Are you a passionate learner, with some beginner’s knowledge of OpenGL retained mode, eager to dive into some foreign material and implement some fascinating graphics for your own purposes? If so, then this is the guide for you! We’re going to implement a wrapper around OpenGL 3.1! Be forewarned, implementing this rendering layer is no simple task, but with the help of this guide, it should be much easier, quicker, less involving of manual learning, and less involving of fruitless Googling than it otherwise would be. This comes from someone with experience implementing his own wrapper around OpenGL 3.1+ via Java and LWJGL, and some experience utilizing the professional rendering engine used for EverQuest: Landmark at Daybreak Game Company, formerly Sony Online Entertainment. (Note: the thoughts and opinions contained in this blog do not represent those of my former employer!) Hopefully you can learn from my experiences, and the failures I’ve both experienced and witnessed. Now, without further ado…
Some Useful Resources
The Fundamental Objects
DisplayManager
Make a class that encapsulates the “display”, and is responsible for flipping the framebuffer, assuming that it’s double-buffered. (It probably should be.) It should encapsulate anything OS dependent about your approach. (LWJGL is already OS independent-ish, fortunately for me.) In C++, you’d probably want to have different implementation files (*.cpp) depending on the target OS. Let it accept interfaces to handle things like gain/loss of the display’s focus. Give it methods for locking the mouse cursor, changing the window title, the current display mode, etc.
State Caching
Note: you might can skip this for now, but it’d probably be easier if you went ahead and knocked this out.
Make a file or an object with a group of functions for internal use that directly substitute the majority of important CPU-to-GPU functions provided by OpenGL. The important bit is that these functions should cache data submitted to the GPU on the CPU side, so that redundant data submissions can be avoided. (No, the driver doesn’t do this for you.) Functions like glEnable, glBlendFunc, glDepthTest, glColorMask/glDepthMask, glBindVertexAray, glBindBuffer, glBindProgram, etc. should all be accounted for.

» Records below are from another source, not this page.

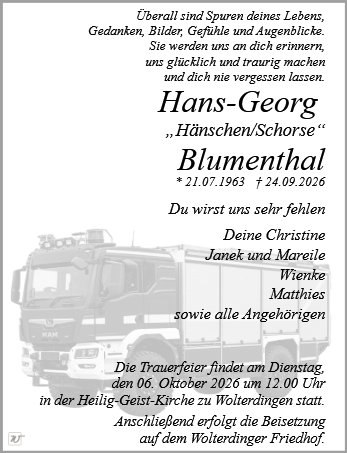 Hans-Georg Blumenthal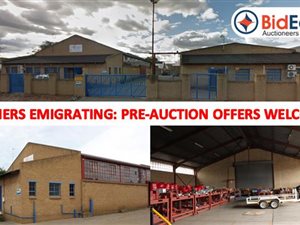 1600 m² Industrial space in Vanderbijlpark Central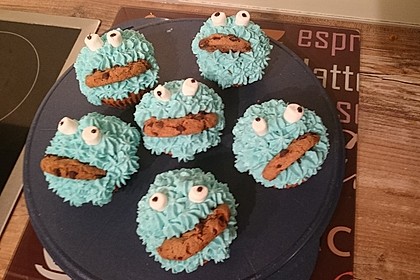 Krümelmonster Cupcakes 155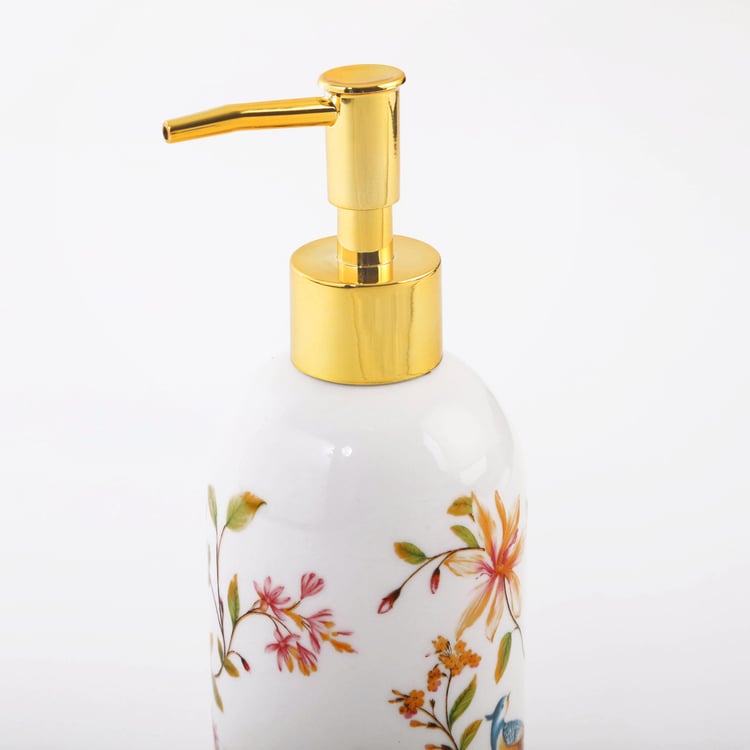 Nova Dastkari Ceramic Soap Dispenser - 420ml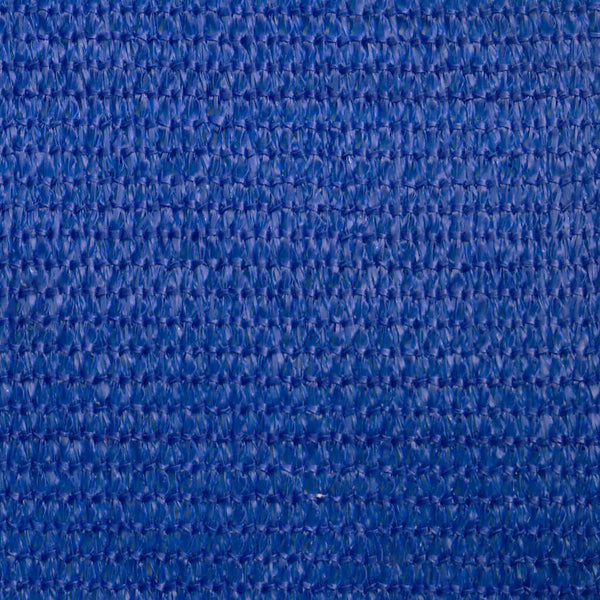 Aurinkopurje 160 g/m² suorakaide sininen 5x7 m HDPE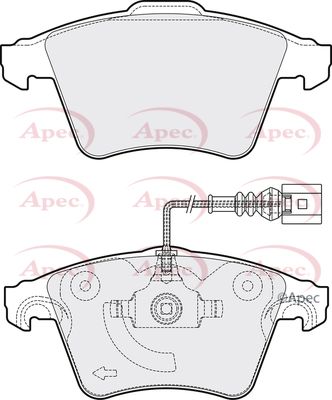 APEC Front Brake Pads PAD1336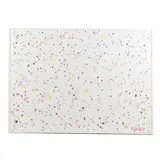 Large Colorful Abstract Painting by Sam Ezell, Oil on canvas, sold Oct 2022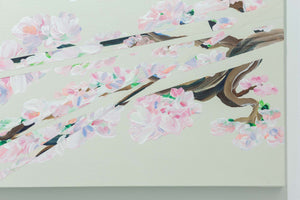 white back slipped cherry blossom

Note that the binding of VAOs and VBOs can be tricky, as the meaning of glBindBuffer in particular is highly state dependent. You’ll likely be expanding and refining this set of functions as you go (unless you’re really hardcore and want to go ahead and knock out the entire API). Refer to the manual and the specification, in that order, when looking up what particular functions mean and what the default values of the various setters are.
OpenGL Data Structures
Make some basic objects that directly reflect the data structures on the GPU. Do not try to do anything smart around OpenGL’s API here: let your classes directly mimic the low-level structure of OpenGL’s data structures, associations, getters, and setters, and let the fanciness occur at a higher level of abstraction that you can entirely dictate, not the API. Give each object a set of bind/unbind functions as appropriate. Inject dependencies as closely as possible to the place that they’re used (e.g. as method parameters), not simply in the objects’ constructors.
VAOs and VBOs
Make classes for VAOs and VBOs (which are optionally contained by a VAO), and some sort of VAOLayout class with a spiffy interface that allows its clients to specify exactly how they’d like their attribute data to be laid out for any VAOs that the object is passed to, in a flexible fashion. Remember that it’s possible for a VAO to have multiple streams of interleaved attributes! If using C++, passing in some user-defined structs as template params may be valid (though you’d need some sort of Run-Time Type Information (RTTI) or separate specification of the attributes, so your objects can submit that info to the GPU). Next, give the VAO functionality that optionally associates it with an index buffer. (An index buffer is effectively just a special use case of a VBO.) Finally, add methods for the various draw routines supported by OpenGL. (E.g. glDrawArrays, glDrawElements, glDrawArraysInstanced, etc.) You can swap between arrays/elements in each function depending on whether the VAO has an index buffer.
- OpenGL Wiki: Buffer Objects
- OpenGL Wiki: Vertex Specification (VAOs and relation to VBOs)
- OpenGL Wiki: Vertex Rendering
Texture Unit Manager
Make a TextureUnitManager class, that handles the allocation of texture units as a resource to those that request it, and again attempts to minimize the number of state changes. Learn everything about the distinction between texture units and texture image units. Don’t ever confuse them!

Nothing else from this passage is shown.